Exercise aim: An exact copy of the listing below is needed, with no pictures in it.

______

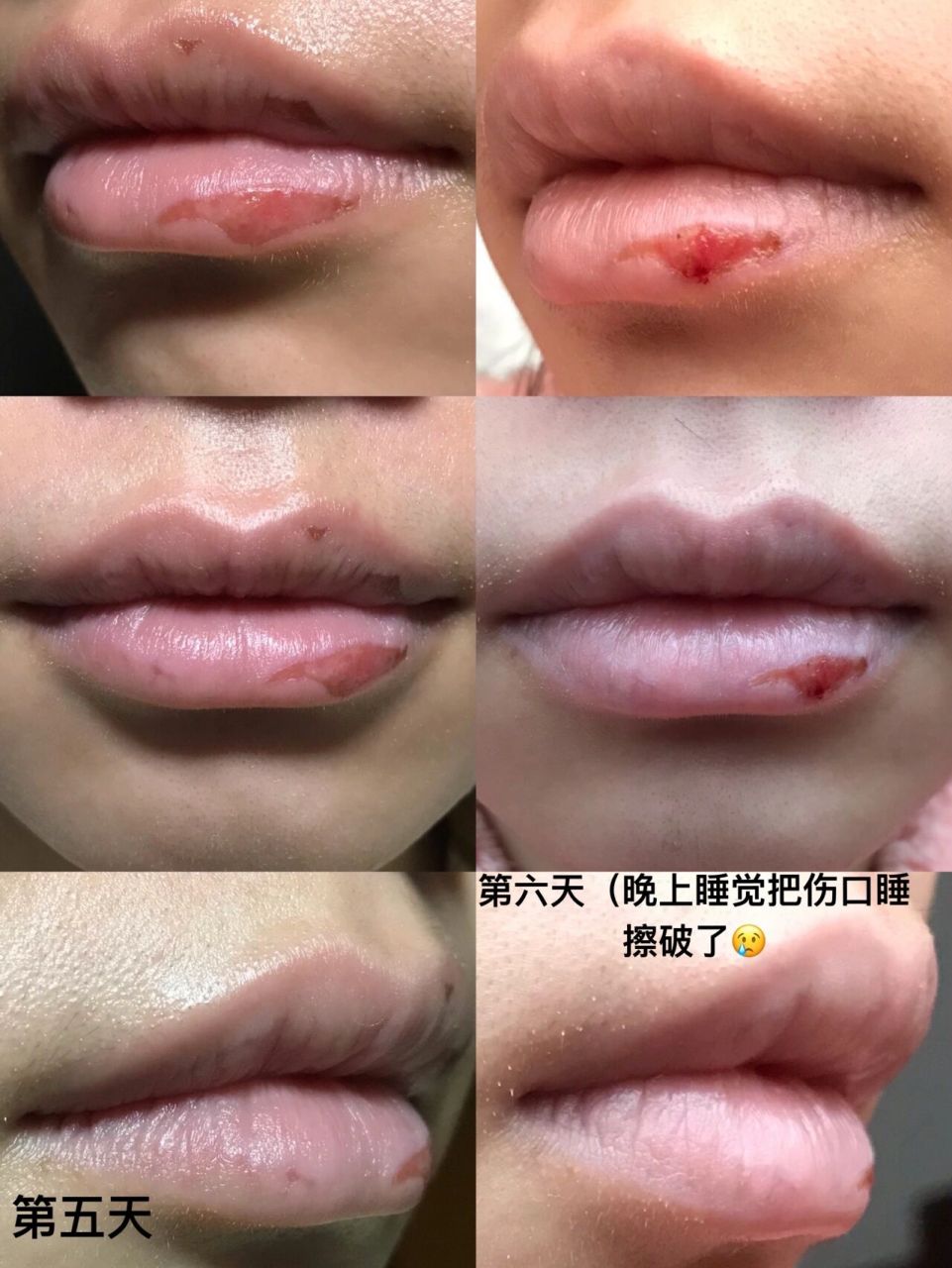 记录我烂嘴巴的恢复史(三) 从自己确诊当天开始记录,修复时每日一拍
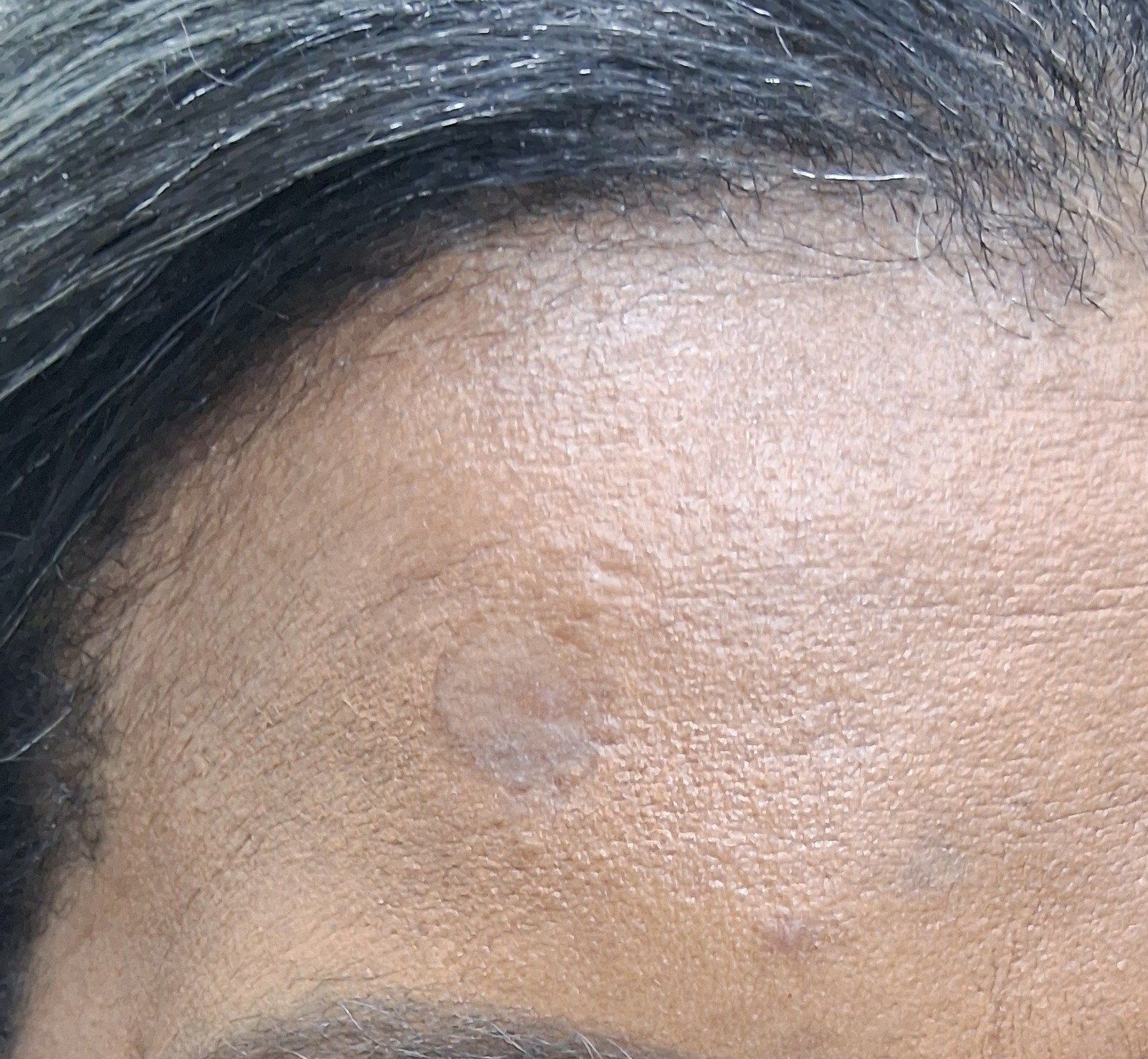 Después: Lipoma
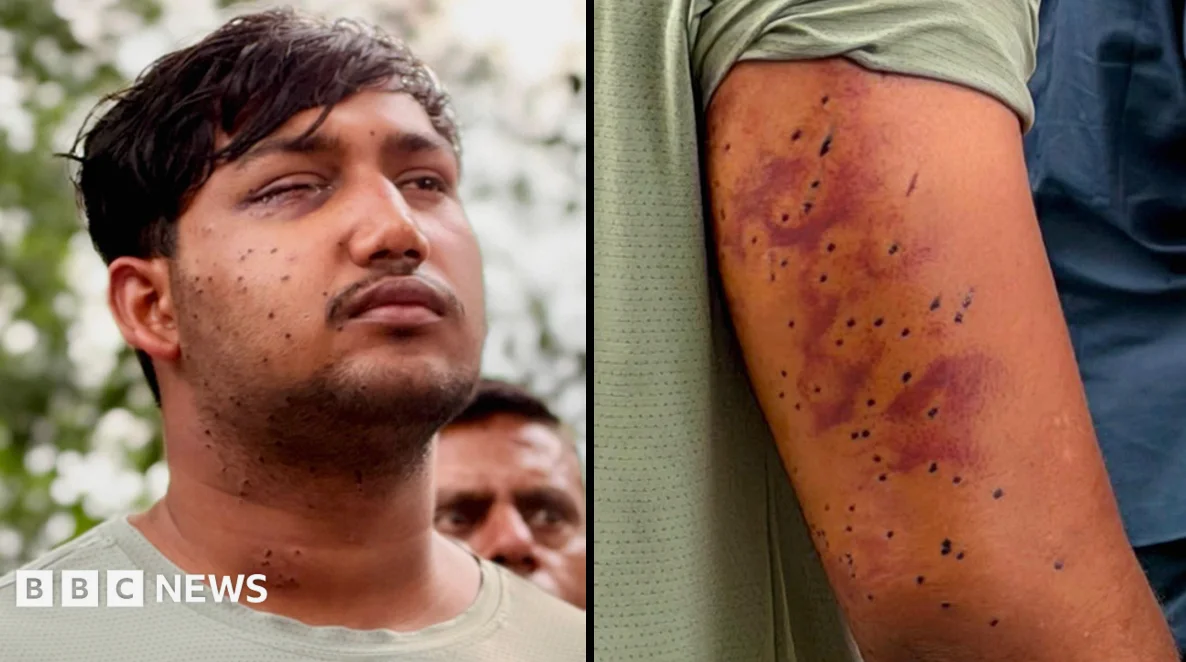 India’s ‘Cockroach’ Protesters Have Wounds from Pellet-Gun Fire, Experts Say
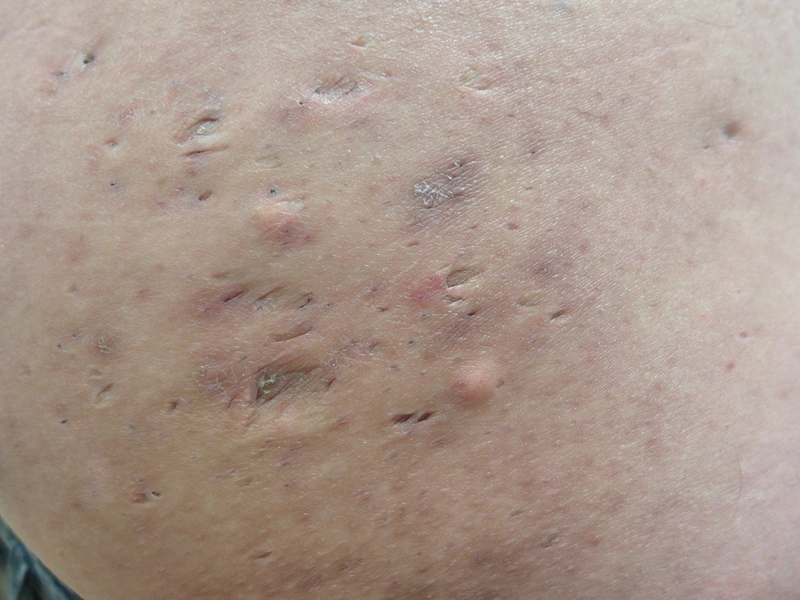 Blickdiagnose-Quiz Fall 1: klinisches Bild – welche Diagnose?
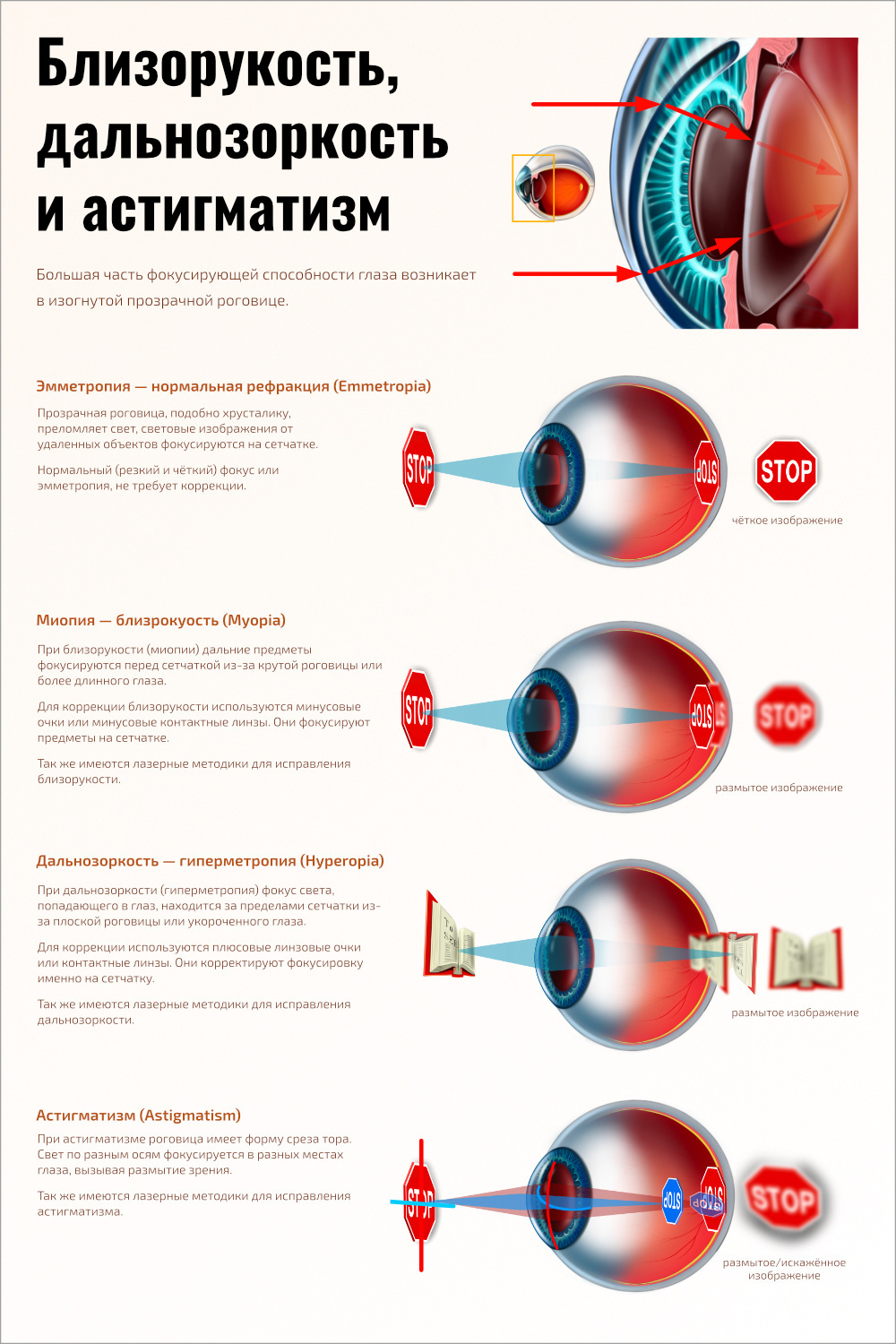Близорукость и дальнозоркость. Астигматизм и близорукость. Наглядные пособия по офтальмологии. Близорукость плакат. Плакаты по офтальмологии.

______

Task solution:
 记录我烂嘴巴的恢复史(三) 从自己确诊当天开始记录,修复时每日一拍
 Después: Lipoma
 India’s ‘Cockroach’ Protesters Have Wounds from Pellet-Gun Fire, Experts Say
 Blickdiagnose-Quiz Fall 1: klinisches Bild – welche Diagnose?
Близорукость и дальнозоркость. Астигматизм и близорукость. Наглядные пособия по офтальмологии. Близорукость плакат. Плакаты по офтальмологии.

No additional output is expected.